James H. Steiger (2003) Comparing Correlations: Pattern Hypothesis Tests Between and/or Within Independent Samples


It is not the answer.

I have simulated n=1000 times the correlations matrix sim, calculate the statistic $M(1-c)_i$, $i=1,2,…,n$ and ploted the Chi-squared statistic distribution (left) and Cumulative Distribution Function (right).

enter image description here

The null hypothesis $H_0$: matrices emp and sim are drawn from the same distribution.

The alternative hypothesis $H_1$: matrices emp and sim are not drawn from the same distribution.

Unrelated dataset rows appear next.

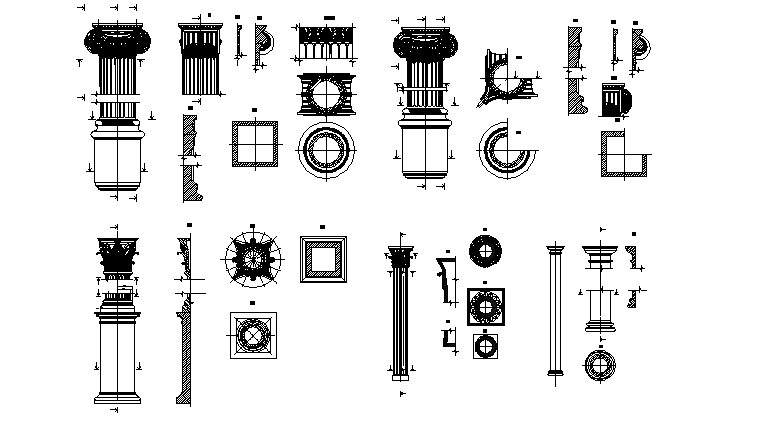 Classical architectural monuments and pillars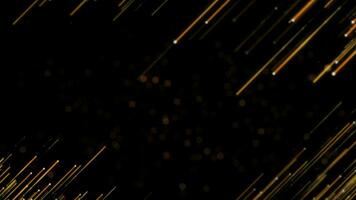 vergeben Gold Partikel. leuchtenden Neon- Linien Glanz Regen fallen Animation auf schwarz Hintergrund video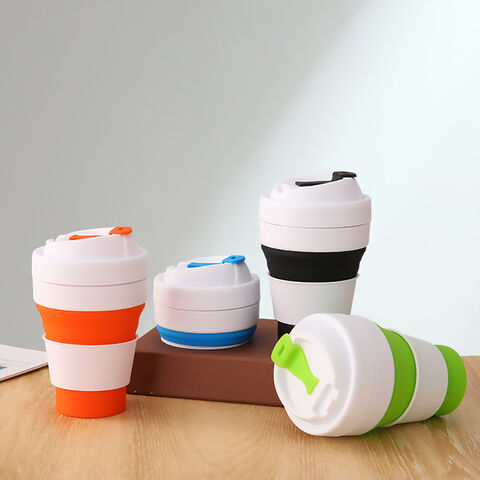 Bouteille d'eau écologique OEM pour l'extérieur, gobelet pliable en silicone rétractable pour voyage, gobelet à café avec logo personnalisé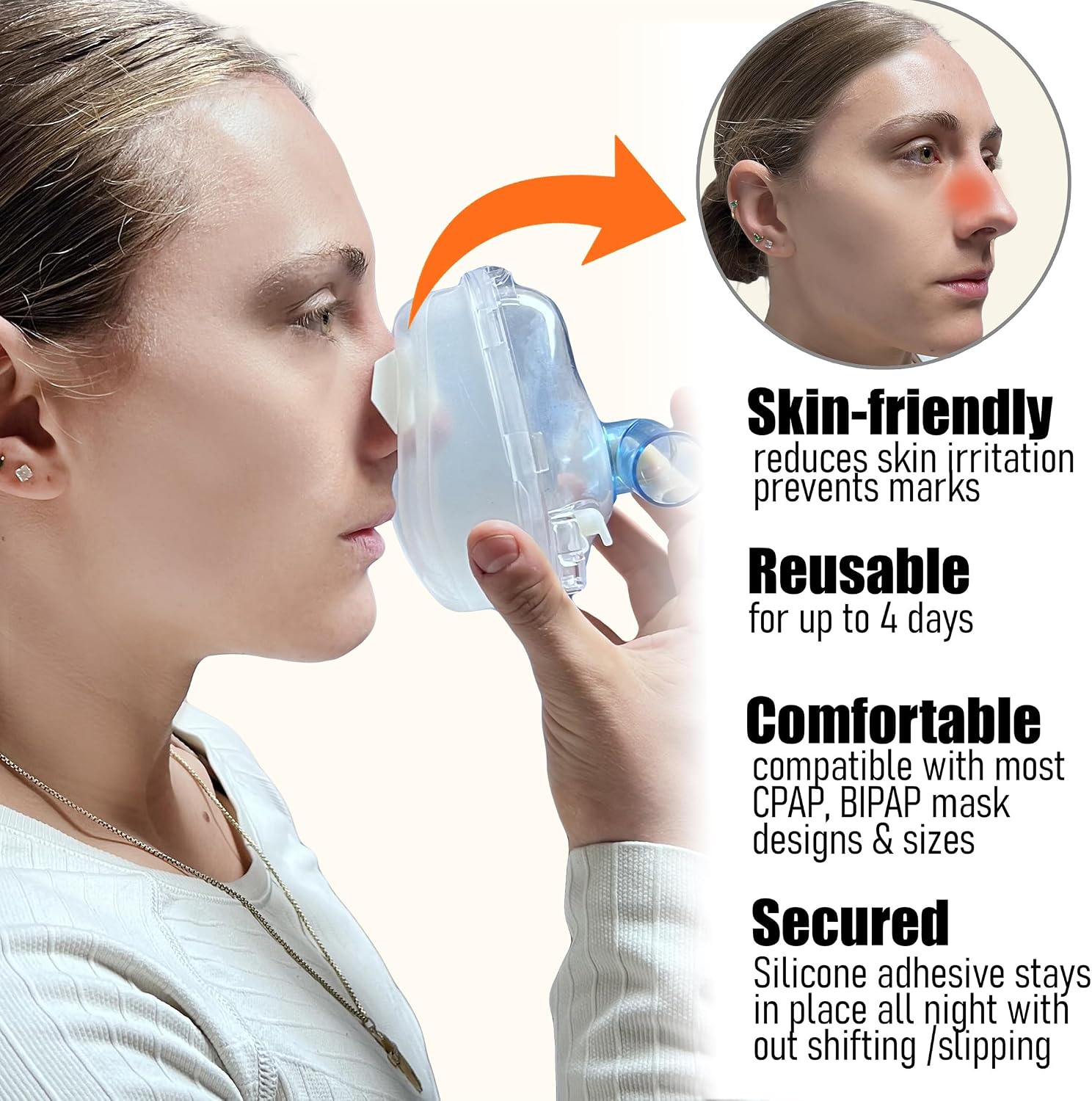 Acanthus - 15 Pack CPAP Nose Bridge Protectors - Silicone CPAP Mask Cushion for Nasal Skin Protection - Reusable Latex-Free - CPAP Accessories Mask Liner - Pack of 15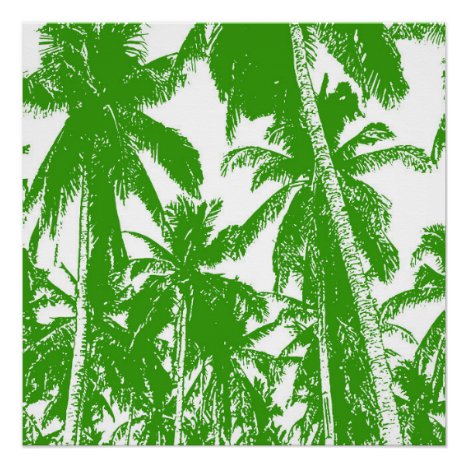 Tropical Palm Trees in Green and White Poster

We have a two-tailed test at $α=5\%$. The critical values are:

alpha <- 0.05
q025  <- quantile(x, probs =     alpha/2);q025
#    2.5% 
# 1.222084 
q975  <- quantile(x, probs = 1 - alpha/2);q975
#   97.5% 
# 8.170121 

From the calculation one can see:
1.222084 < M(1-c)= 2.6163 < 8.170121,
therefore, $H_0$ is true.

Counter-example. I have simulated a sample xx from $\chi^2(df)$ distribution and find the sample characteristics:

m  <- 2                # number of matrices
k  <- 4                # size of matrices
df <- k*(k+1)*(m-1)/2  # degree of freedom    
xx <- rchisq(1000, df=df)

Mode <- function(x) {
  ux <- unique(x)
  ux[which.max(tabulate(match(x, ux)))]
}

Mode(xx) 
# [1] 5.845786
mean(xx)
# [1] 10.1366808
quantile(xx, probs =     alpha/2)
#    2.5% 
# 3.057377 
quantile(xx, probs = 1 - alpha/2)
#   97.5% 
# 19.91842    

The sample's mean 10.1366808 falls into the left tail of the statistic M(c-1) distribution, therefore, $H_0$ is not true.

But the sample's mode 5.845786 fails into the middle range.

Best Answer

Since we are working with matrices constructed from the same set of ranks to construct corresponding Spearman correlations matrices, this 2012 simple method presented in this work: A simple procedure for the comparison of covariance matrices, may be of value.

In particular to quote:

Here I propose a new, simple method to make this comparison in two population samples that is based on comparing the variance explained in each sample by the eigenvectors of its own covariance matrix with that explained by the covariance matrix eigenvectors of the other sample. The rationale of this procedure is that the matrix eigenvectors of two similar samples would explain similar amounts of variance in the two samples. I use computer simulation and morphological covariance matrices from the two morphs in a marine snail hybrid zone to show how the proposed procedure can be used to measure the contribution of the matrices orientation and shape to the overall differentiation.

Of particular import is the claimed results and conclusions:

Results I show how this procedure can detect even modest differences between matrices calculated with moderately sized samples, and how it can be used as the basis for more detailed analyses of the nature of these differences.

Conclusions The new procedure constitutes a useful resource for the comparison of covariance matrices. It could fill the gap between procedures resulting in a single, overall measure of differentiation, and analytical methods based on multiple model comparison not providing such a measure.

And further comments from the available full text:

In the present work I propose a new, simple and distribution-free procedure for the exploration of differences between covariance matrices that, in addition to providing a single and continuously varying measure of matrix differentiation, makes it possible to analyse this measure in terms of the contributions of differences in matrix orientation and shape. I use both computer simulation and P matrices corresponding to snail morphological measures to compare this procedure with some widely used alternatives. I show that the new procedure has power similar or better than that of the simpler methods, and how it can be used as the basis for more detailed analyses of the nature of the found differences.

If other methods prove less impressive, you may which to further investigate the above for the comparison of rank correlation matrices performing your own simulation testing.